When I sat with Uncle Willie and Mary, they shared how they enjoyed Fa So La Day in the community, but did not participate in the singing. As for the thinking of the children, there were other fun walks to make and much conversation to have with family and friends. There was too much ice cream, lemonade and barbecue sandwiches to eat. It was not every day that a family of 8 or 10 could just hang out in the street near town, where ice cold Nehi Orange Crush sodas could be had. There was just too much to do outside of the church for the young people. Mary said by the sound that they could hear coming from the inside through the open doors and windows, they knew that the adults were having a Hallelujah good time.

I was very eager to interview 89-year-old Wesley “Gabby” Jones, a friend of my husband. I figured anyone who is 89 and had the nickname Gabby must love talking and sharing his memories. Since Gabby is legally blind, I sat with him at his home where he was most comfortable. I told him I wanted him to share everything he remembered about the note singing in the Cave Spring community as he was growing up. He started out with two important pieces of information. The creative juices were flowing with excitement, thinking, “Oh, at last I have someone who can share a little note singing with me.” He stated that his Mom was a part of the Fa So La note singers group. My next question was, “Do you note sing?” He seemed to have gotten an attitude and quickly said, “No. I never learned that. At the time it made no sense to me.” He said his mom taught him how to line Baptist hymns, but never how to note sing. He kept trying to get me to understand his work history, where he worked and what an outstanding worker he was back during the day. Each time he wandered away from me mentally, I had to call him back on the task. When he went back in his memory bank, he would go down the memory lane of things that he cherished. I promised I would return and let him share his work history at Georgia Power for another report. My last question was, “Do you know how old the celebration was?” He said he did not remember that, but he assumed over 150 years ago when it started in this area. He said he remembered when some young preacher came along and put a stop to it. I am now realizing that time is an eraser, and I decided that he had given me all that he was willing to recall for one day.
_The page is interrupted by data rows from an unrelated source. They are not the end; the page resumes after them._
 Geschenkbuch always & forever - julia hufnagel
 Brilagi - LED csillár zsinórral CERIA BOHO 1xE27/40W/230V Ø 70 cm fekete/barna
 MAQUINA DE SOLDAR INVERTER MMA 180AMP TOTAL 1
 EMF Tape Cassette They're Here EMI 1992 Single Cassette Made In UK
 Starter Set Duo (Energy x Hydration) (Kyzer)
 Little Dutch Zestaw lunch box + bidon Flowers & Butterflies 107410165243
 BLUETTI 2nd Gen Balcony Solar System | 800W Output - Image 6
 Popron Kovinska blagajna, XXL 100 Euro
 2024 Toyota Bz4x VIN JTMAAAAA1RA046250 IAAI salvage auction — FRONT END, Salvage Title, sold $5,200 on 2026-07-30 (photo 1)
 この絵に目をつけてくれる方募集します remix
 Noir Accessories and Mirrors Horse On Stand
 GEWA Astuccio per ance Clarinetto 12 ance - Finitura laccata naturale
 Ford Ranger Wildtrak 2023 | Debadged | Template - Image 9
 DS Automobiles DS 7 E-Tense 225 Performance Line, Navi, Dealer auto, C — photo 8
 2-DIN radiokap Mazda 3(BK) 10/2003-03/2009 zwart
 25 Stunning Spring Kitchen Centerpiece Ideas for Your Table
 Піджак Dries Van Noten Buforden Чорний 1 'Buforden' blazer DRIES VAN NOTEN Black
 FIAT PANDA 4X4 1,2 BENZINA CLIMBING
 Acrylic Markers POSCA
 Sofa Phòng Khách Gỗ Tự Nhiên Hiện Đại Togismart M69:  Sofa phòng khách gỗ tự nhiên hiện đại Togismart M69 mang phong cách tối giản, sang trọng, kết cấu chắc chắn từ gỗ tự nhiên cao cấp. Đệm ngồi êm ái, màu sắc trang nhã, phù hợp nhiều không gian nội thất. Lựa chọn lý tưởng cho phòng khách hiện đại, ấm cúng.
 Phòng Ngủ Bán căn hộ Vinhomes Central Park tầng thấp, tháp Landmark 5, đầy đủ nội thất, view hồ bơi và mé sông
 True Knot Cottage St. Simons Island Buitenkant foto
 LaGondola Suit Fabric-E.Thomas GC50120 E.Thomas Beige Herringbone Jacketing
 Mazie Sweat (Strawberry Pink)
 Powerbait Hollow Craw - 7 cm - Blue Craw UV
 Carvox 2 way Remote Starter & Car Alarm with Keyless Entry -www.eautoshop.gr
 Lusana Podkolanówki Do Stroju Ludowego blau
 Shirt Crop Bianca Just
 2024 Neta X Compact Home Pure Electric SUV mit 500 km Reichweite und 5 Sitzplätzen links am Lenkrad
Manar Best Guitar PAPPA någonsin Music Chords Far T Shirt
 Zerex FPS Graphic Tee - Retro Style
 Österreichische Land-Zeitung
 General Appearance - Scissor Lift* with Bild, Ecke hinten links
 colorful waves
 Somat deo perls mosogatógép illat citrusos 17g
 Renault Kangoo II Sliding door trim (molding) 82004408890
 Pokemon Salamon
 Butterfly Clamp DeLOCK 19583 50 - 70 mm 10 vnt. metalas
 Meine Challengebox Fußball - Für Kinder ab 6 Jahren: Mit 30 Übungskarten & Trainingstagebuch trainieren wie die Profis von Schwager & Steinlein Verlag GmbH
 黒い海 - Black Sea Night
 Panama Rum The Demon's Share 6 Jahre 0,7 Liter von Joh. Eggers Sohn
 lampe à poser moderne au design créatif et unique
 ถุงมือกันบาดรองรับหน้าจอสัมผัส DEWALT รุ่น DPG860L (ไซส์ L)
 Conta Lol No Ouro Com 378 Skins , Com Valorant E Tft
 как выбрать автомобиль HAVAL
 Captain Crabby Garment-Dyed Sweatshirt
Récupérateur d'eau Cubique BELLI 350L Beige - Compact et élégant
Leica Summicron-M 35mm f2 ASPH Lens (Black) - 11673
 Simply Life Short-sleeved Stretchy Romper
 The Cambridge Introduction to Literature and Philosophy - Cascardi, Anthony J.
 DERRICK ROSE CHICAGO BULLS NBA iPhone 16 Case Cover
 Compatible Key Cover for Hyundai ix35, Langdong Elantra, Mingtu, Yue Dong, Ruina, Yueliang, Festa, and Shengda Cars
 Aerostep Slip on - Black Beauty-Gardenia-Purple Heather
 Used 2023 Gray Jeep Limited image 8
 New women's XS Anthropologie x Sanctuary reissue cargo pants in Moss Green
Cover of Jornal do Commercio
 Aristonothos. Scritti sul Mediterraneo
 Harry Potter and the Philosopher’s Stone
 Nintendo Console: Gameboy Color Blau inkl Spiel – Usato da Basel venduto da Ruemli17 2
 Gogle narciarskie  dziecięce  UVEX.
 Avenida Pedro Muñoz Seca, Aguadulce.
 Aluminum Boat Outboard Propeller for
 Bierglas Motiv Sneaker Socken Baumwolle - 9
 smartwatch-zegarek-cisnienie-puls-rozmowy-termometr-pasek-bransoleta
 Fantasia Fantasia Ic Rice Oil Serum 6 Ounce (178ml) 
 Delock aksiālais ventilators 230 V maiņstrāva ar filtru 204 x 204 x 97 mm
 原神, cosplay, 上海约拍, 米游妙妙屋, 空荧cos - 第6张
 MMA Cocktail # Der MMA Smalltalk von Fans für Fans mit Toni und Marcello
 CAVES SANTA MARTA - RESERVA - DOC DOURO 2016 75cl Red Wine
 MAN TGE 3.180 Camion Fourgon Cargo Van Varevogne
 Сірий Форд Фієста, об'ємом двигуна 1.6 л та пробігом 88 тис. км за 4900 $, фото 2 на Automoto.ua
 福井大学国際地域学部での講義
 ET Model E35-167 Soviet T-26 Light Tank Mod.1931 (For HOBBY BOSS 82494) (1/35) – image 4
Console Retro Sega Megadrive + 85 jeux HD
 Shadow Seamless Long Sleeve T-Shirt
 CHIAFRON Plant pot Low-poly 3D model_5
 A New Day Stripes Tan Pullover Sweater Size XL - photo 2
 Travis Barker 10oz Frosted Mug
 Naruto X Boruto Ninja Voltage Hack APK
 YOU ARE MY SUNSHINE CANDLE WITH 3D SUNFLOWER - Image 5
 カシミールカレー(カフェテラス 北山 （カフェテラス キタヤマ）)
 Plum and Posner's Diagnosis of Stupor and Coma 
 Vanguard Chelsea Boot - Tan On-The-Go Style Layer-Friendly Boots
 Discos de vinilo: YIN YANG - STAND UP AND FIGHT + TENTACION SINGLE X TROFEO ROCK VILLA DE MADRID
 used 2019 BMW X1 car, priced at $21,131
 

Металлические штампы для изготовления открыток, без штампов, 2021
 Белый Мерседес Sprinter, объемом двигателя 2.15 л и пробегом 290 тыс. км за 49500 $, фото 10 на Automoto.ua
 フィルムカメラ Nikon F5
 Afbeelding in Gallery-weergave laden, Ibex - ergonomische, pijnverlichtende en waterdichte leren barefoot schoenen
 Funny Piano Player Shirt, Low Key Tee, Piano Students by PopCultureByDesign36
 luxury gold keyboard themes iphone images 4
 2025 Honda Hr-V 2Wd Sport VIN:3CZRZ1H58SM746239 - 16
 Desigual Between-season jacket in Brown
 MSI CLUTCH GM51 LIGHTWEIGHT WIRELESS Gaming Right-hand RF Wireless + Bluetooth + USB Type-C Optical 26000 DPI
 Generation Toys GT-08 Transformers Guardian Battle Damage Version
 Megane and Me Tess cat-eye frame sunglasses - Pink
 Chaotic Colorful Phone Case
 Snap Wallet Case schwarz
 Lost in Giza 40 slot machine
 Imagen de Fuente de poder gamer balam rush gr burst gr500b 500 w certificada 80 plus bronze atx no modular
The above individuals were a part of an important historical moment and no one who is alive recorded it. The individuals to whom I am speaking are 80-plus years old and were mere children at the height of the note singing era locally. Most of the participating adults are no longer around. Note singing began at different times in different areas. In some areas it started as early as the early 18th century. If you are interested in knowing more about this New Hope Baptist Church experience, just ask Anne Johnson, Bernice Howell and any other locals. They will start laughing as my husband did and begin pouring out how much fun it was to be a part. You can also check out the national history of shape note singing and its beginning by going to YouTube and pulling up “What a Happy Time,” “Shape Note Singing” and “Sacred Harp Singing.” There is no record of any recordings of the note singing in New Hope Baptist Church, but listening to the Old Field Singers gives an idea of what the fifth Sunday celebration was like in Cave Spring for possibly 100-plus years.

Willie Mae Samuel is a playwright and a director in Rome.